WORK TASK »
What needs reproducing is the run of lines in the data below starting at the line with "Desayuno de panqueques de fresa" and ending at the line with "DAISY DRESS東大門直郵女士新款25春夏職業真品推薦T恤蕾絲DAISY DRESST恤", both ends included. Copy it exactly, without pictures, and add nothing.

INFORMATION SUPPLIED »
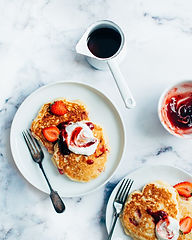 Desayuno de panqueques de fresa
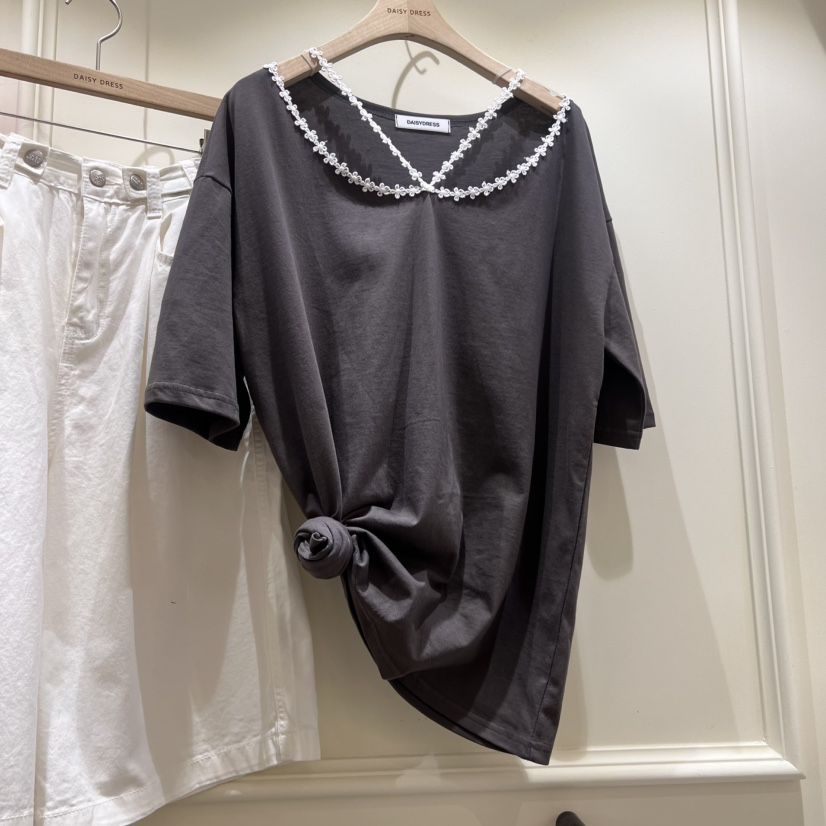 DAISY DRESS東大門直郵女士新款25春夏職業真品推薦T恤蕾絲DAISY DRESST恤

---

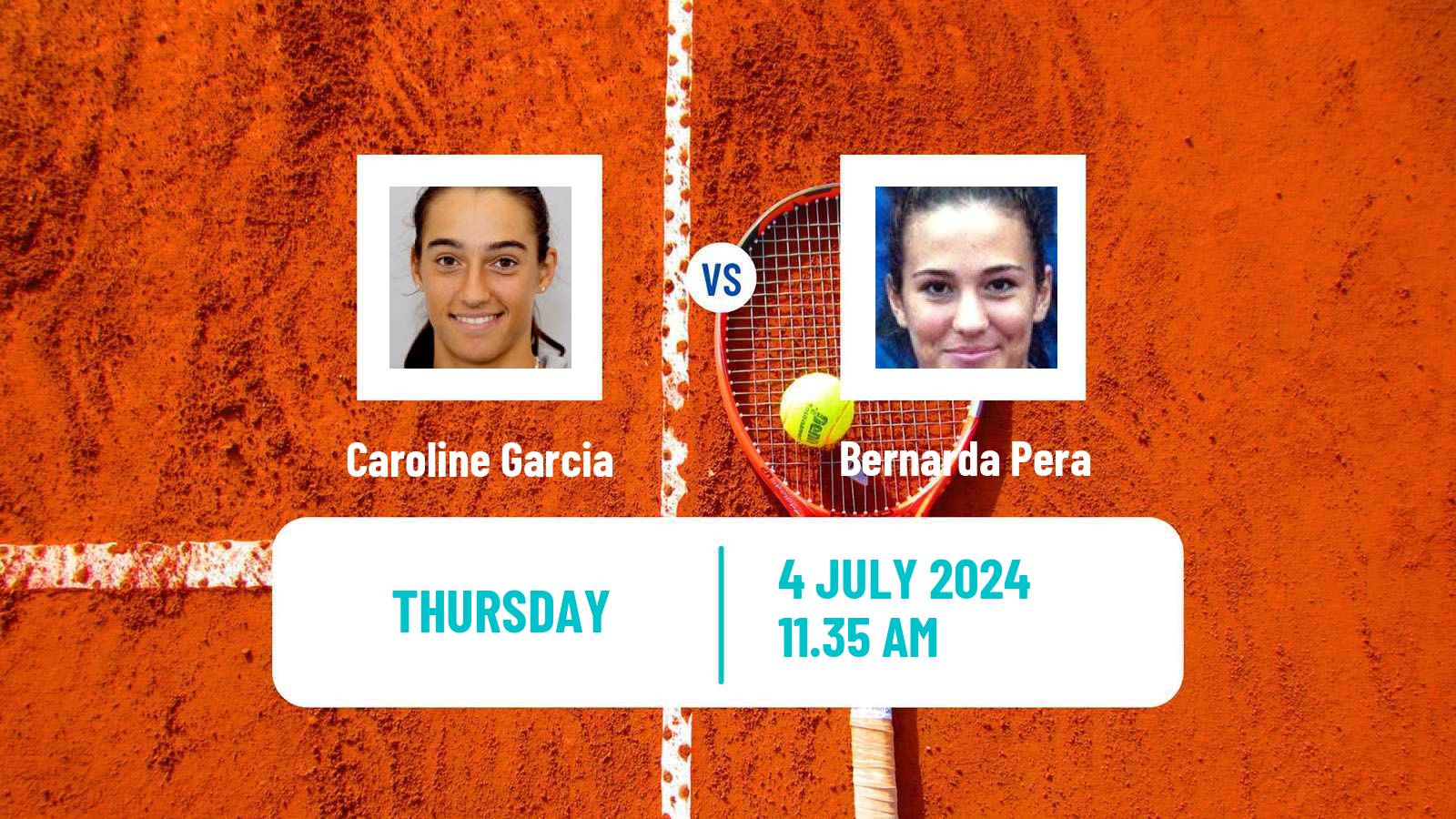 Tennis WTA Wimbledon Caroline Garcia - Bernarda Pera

TASK SOLUTION »
 Desayuno de panqueques de fresa
 DAISY DRESS東大門直郵女士新款25春夏職業真品推薦T恤蕾絲DAISY DRESST恤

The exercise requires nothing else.